Pourquoi le prompting fonctionne différemment avec Fable 5
Fable 5 suit mieux les instructions courtes et claires que les modèles précédents – simplement parce qu’il raisonne mieux. Il « comprend » souvent votre intention avant même que vous ayez détaillé chaque point. Les six règles en découlent directement : elles ne sont pas une fin en soi, elles exploitent cette force de façon ciblée.
Une remarque honnête d’emblée : Fable 5 n’est pas un modèle bon marché. Il coûte environ 10 dollars US par million de tokens d’entrée et 50 dollars US par million de tokens de sortie – soit exactement le double d’Opus 4.8 (5 et 25 dollars US). Pour la plupart des tâches de routine, vous n’en avez pas besoin. Tout l’art consiste à ne l’employer que là où cela vaut vraiment la peine.

Règle 1 : donnez au modèle le « pourquoi »
Anthropic est clair : Fable 5 livre de meilleurs résultats quand il connaît votre intention. Le contexte relie la tâche aux bonnes informations – au lieu de laisser le modèle deviner l’intention lui-même. La documentation propose même, en substance, une formule fixe : « Je travaille sur [la tâche plus large] pour [qui]. Il faut [ce que le résultat rend possible]. Dans ce contexte : [la demande]. »
- Au lieu de : « Écris-moi un courriel à un client au sujet du retard. »
- Mieux : « Je travaille sur le projet plus large suivant, voici le client et voilà sa demande. Avec ce contexte, peux-tu me rédiger un courriel au sujet du retard ? »
Vaut pour : tous les modèles. Qui travaille de toute façon avec des fichiers de contexte ou un système de connaissances bien structuré donne aussi au modèle la possibilité d’aller chercher précisément les bonnes informations.
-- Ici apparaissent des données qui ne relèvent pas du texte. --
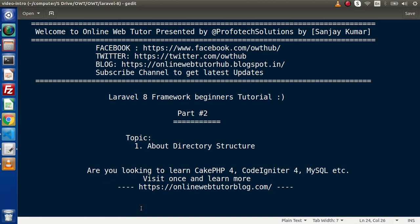Hello guys, welcome to Online Web Tutor. I am Sanjay. We are learning the Laravel 8 framework tutorial. This is part 2. Inside this video session, we will discuss about the directory structure of what we installed in the first video of Laravel.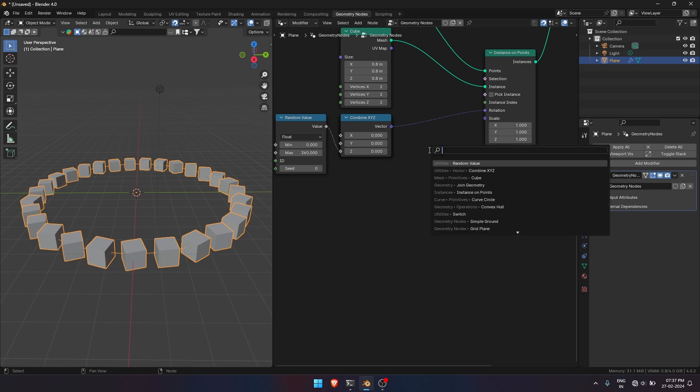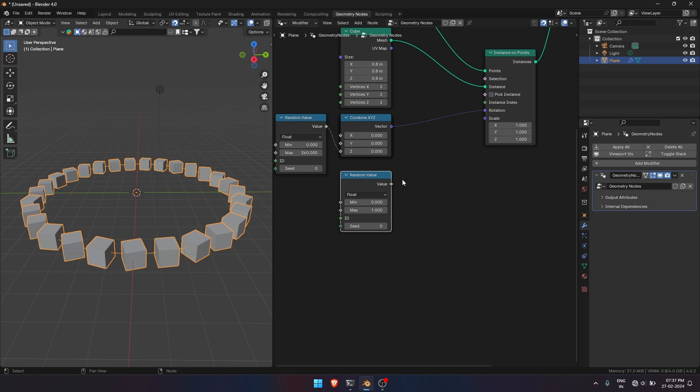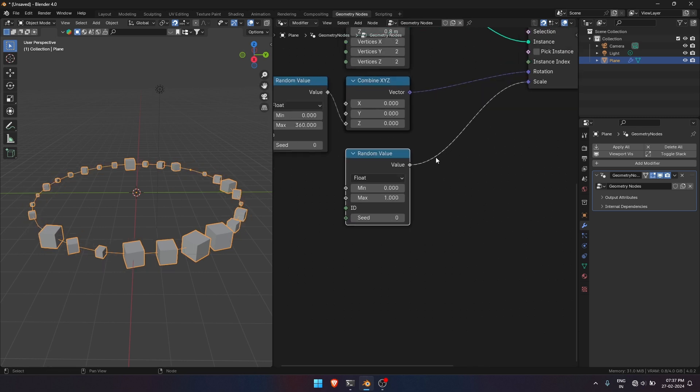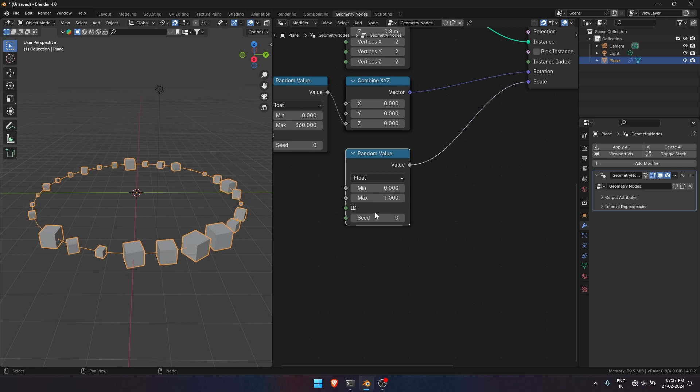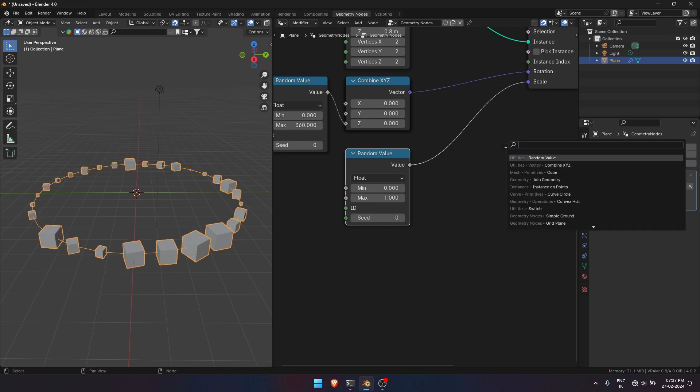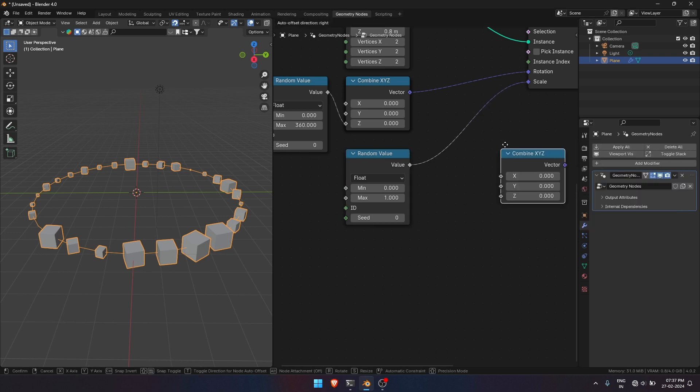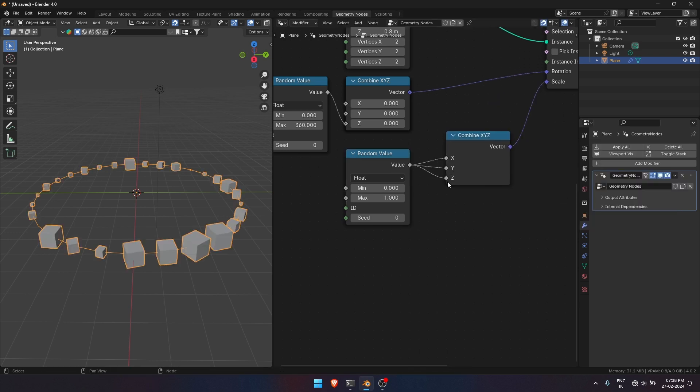Similarly, we will add and connect Random Value node to Scale Input. And here connect the Value Socket to XYZ Input to affect all parameters.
Règle 2 : dites explicitement ce qu’il ne doit PAS faire
Les modèles d’IA prédisent au fond le prochain mot plausible – et deviennent parfois « créatifs » en faisant des choses que vous ne vouliez pas. Le prompting négatif borne cela. Anthropic procède exactement ainsi dans sa propre documentation. Un exemple vise à ce que Fable 5, à effort élevé, ne « range » pas sans qu’on le lui demande (traduit en substance) :
« N’ajoute pas de fonctionnalités, ne refactorise pas et n’introduis pas d’abstractions allant au-delà de ce que la tâche exige. Une correction de bug n’a pas besoin d’un nettoyage autour. Fais la chose la plus simple qui fonctionne bien. »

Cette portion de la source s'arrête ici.